**Collected data**:
•••••
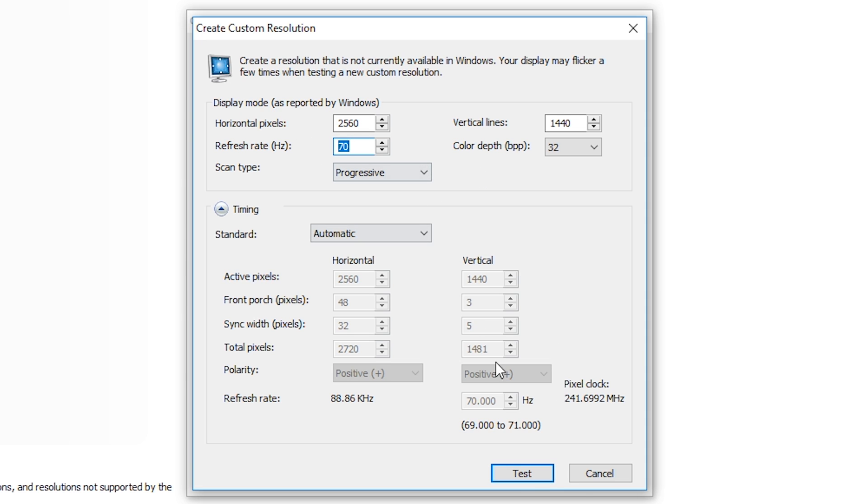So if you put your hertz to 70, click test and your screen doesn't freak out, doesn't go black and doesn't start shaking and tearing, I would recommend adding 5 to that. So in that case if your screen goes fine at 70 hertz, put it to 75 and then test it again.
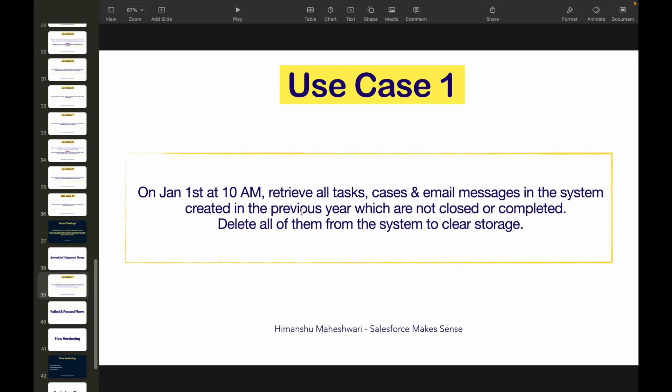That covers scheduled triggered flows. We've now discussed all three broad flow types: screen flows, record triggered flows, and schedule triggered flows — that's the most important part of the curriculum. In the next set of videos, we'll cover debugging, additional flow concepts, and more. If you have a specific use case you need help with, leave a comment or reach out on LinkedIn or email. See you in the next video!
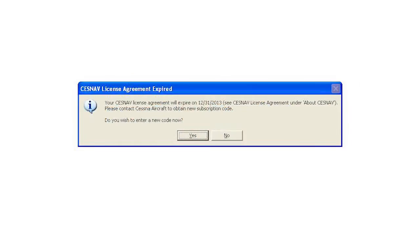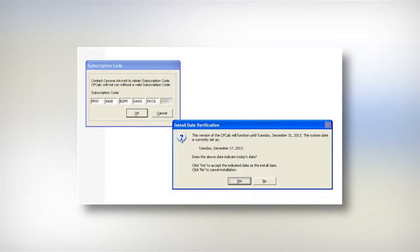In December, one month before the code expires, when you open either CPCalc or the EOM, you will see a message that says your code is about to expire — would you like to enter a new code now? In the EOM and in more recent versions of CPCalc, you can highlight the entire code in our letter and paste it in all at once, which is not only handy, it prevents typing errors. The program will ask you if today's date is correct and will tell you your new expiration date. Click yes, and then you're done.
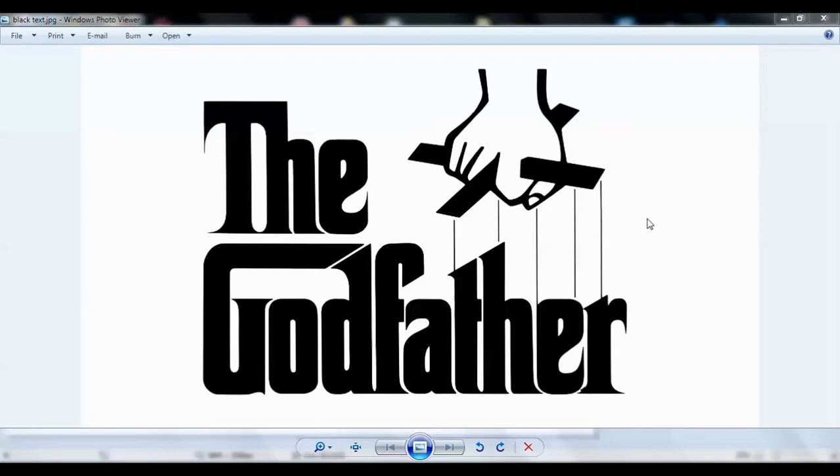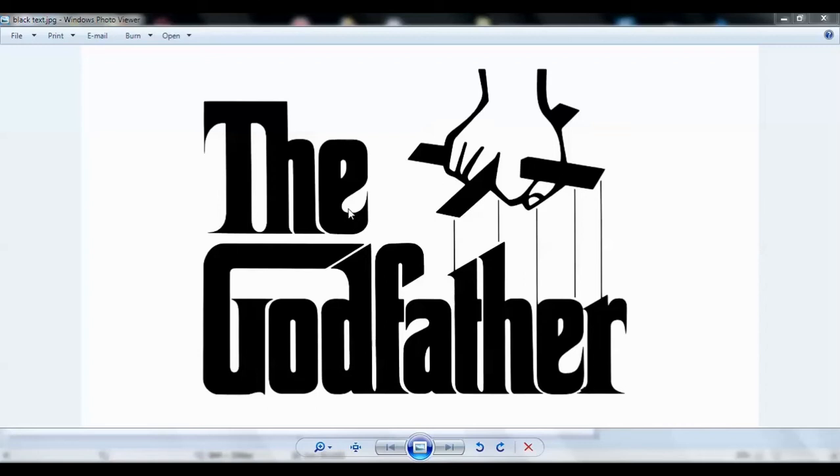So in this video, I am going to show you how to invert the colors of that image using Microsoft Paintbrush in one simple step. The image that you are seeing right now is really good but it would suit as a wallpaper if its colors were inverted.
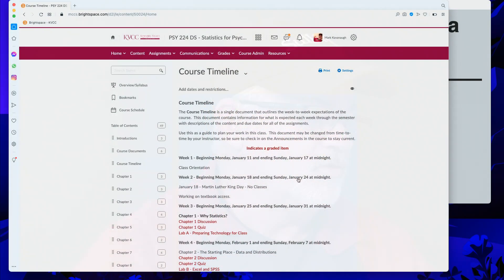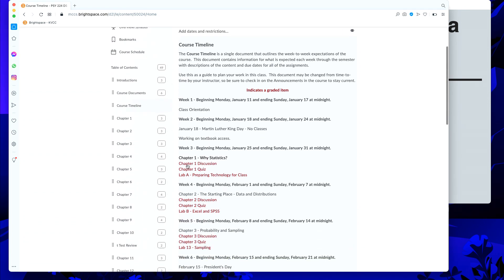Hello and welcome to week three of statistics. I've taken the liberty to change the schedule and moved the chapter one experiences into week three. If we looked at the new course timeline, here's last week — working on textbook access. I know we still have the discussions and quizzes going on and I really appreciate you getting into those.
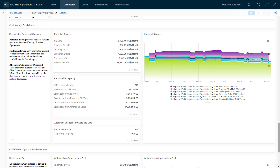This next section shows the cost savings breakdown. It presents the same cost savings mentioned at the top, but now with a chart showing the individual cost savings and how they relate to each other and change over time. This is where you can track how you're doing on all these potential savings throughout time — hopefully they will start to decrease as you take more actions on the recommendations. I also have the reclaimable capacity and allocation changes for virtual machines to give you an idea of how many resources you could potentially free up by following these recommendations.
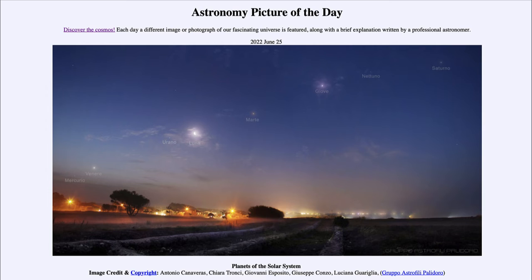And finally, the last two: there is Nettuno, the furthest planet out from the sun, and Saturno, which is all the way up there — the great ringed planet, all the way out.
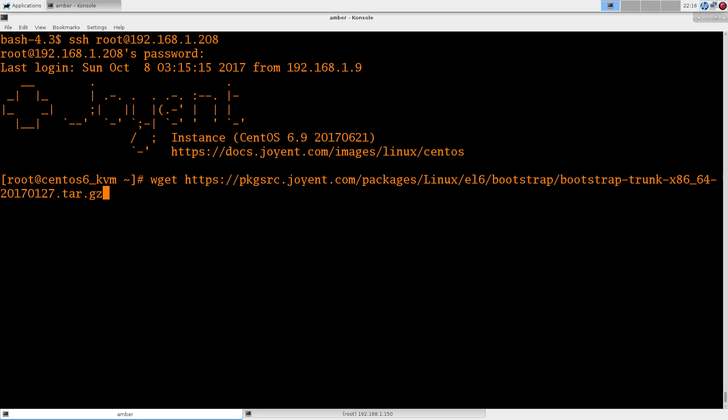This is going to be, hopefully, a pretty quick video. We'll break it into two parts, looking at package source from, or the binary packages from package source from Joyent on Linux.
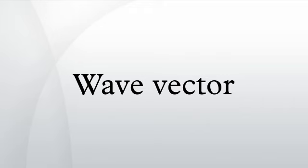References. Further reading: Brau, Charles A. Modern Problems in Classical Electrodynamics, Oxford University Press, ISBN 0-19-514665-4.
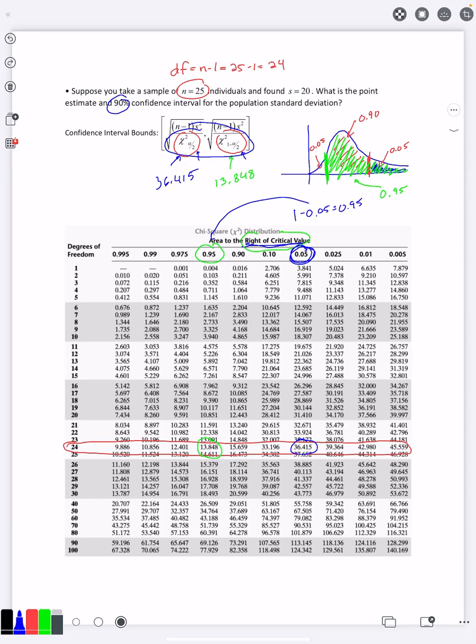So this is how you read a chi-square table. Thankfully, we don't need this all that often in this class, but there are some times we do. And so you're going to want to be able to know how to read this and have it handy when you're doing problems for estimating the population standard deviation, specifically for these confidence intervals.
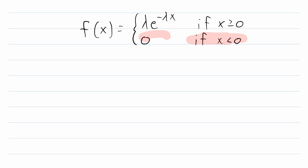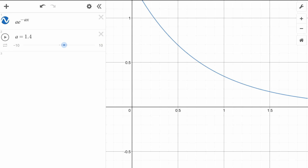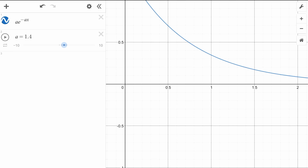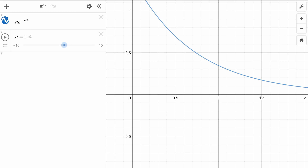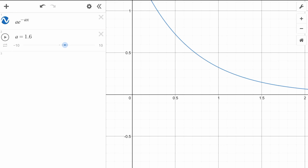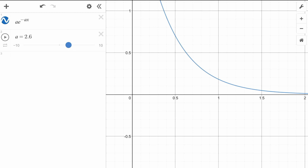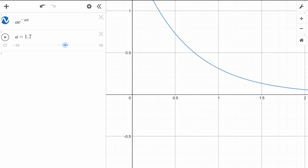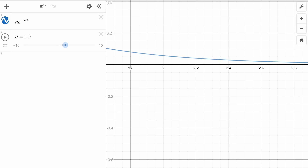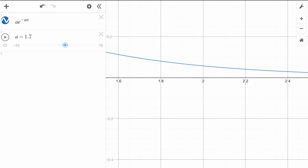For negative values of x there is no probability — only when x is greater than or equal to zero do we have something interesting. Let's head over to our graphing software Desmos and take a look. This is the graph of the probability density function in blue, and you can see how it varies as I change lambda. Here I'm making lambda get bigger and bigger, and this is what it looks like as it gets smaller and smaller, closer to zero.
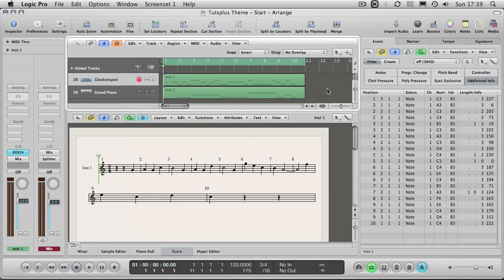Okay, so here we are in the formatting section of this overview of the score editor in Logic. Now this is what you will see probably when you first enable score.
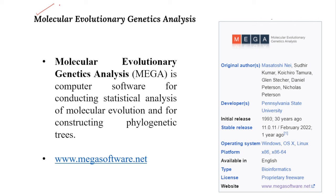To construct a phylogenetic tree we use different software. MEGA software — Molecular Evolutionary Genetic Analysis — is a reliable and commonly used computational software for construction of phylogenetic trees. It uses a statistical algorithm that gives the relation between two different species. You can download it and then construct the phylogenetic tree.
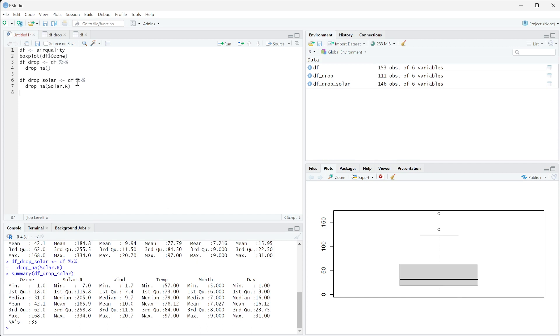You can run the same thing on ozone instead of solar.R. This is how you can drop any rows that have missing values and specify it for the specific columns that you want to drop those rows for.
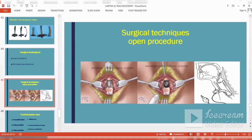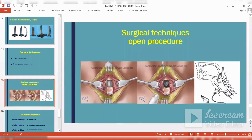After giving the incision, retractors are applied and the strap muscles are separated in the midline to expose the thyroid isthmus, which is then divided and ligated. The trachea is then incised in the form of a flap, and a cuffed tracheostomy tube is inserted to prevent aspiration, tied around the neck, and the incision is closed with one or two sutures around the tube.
•••••
**TASK BRIEF**: Return the line containing "You can run" and every line after it through the end of the records above, exactly and nothing else, but not the pictures.

**TASK SOLUTION**:
You can run the same thing on ozone instead of solar.R. This is how you can drop any rows that have missing values and specify it for the specific columns that you want to drop those rows for.
After giving the incision, retractors are applied and the strap muscles are separated in the midline to expose the thyroid isthmus, which is then divided and ligated. The trachea is then incised in the form of a flap, and a cuffed tracheostomy tube is inserted to prevent aspiration, tied around the neck, and the incision is closed with one or two sutures around the tube.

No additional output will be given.